|Rath, D - MARIENSEE, GERMANY|
|Niemann, H - MARIENSEE, GERMANY|
Submitted to: Theriogenology
Publication Type: Peer Reviewed Journal
Publication Acceptance Date: October 24, 1996
Publication Date: N/A
Interpretive Summary: Gender preselection in swine is a useful technology for producing male and female lines of hybrid stock. Additionally, the female provides a faster growth rate and feed efficiency. The combination of the sexing technology and in vitro fertilization was shown to be an effective means of producing litters of one sex only. Two litters totaling 10 females were born. These elitters were the first produced from sexed embryos based on the Beltsville Sexing Technology. These results will be used by scientists to further perfect the combination of in vitro fertilization in the pig with our current sexing technology.

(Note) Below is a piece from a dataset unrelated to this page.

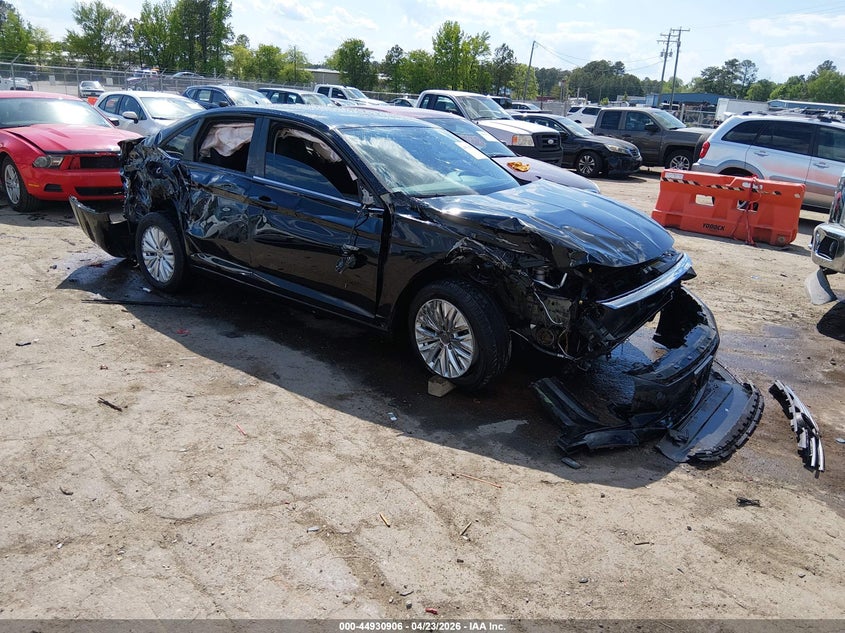 2020 VOLKSWAGEN JETTA auction photo 1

Technical Abstract: In vivo matured porcine oocytes were fertilized in vitro with X and Y chromosome bearing sperm, flow cytometrically sorted for sex based on DNA content. Developmental competence of the sexed embryos was determined through established pregnancies after embryo transfer. Sperm were stained with Hoechst 33342 and sorted using a flow cytometry cell sorter. Purity of sort was 83% for Y-sperm and 92% for X-sperm, respectively. A total of 387 mature cumulus-oocyte-complexes were collected from 18 superovulated prepuberal gilts shortly before ovulation. In vitro fertilization with sorted sperm was performed in four replicates. After 18 h of sperm and egg co-culture at 39 degrees C, zygotes were placed into culture medium (NCSU- 23) for anther 24 h. The average cleavage rate was 56.2%. Ninety-two embryos produced from X-sorted sperm were transferred surgically into the uterus of 2 recipients. Two gilts farrowed and delivered 6 and 4 healthy female piglets, respectively. Additionally, two gilts were inseminated intratubally via surgical laparotomy with either X or Y sorted sperm (2x100,000) per oviduct. The two sows farrowed and litters were born producing 15 piglets. Thirteen of the 15 piglets were of the predicted gender (85%).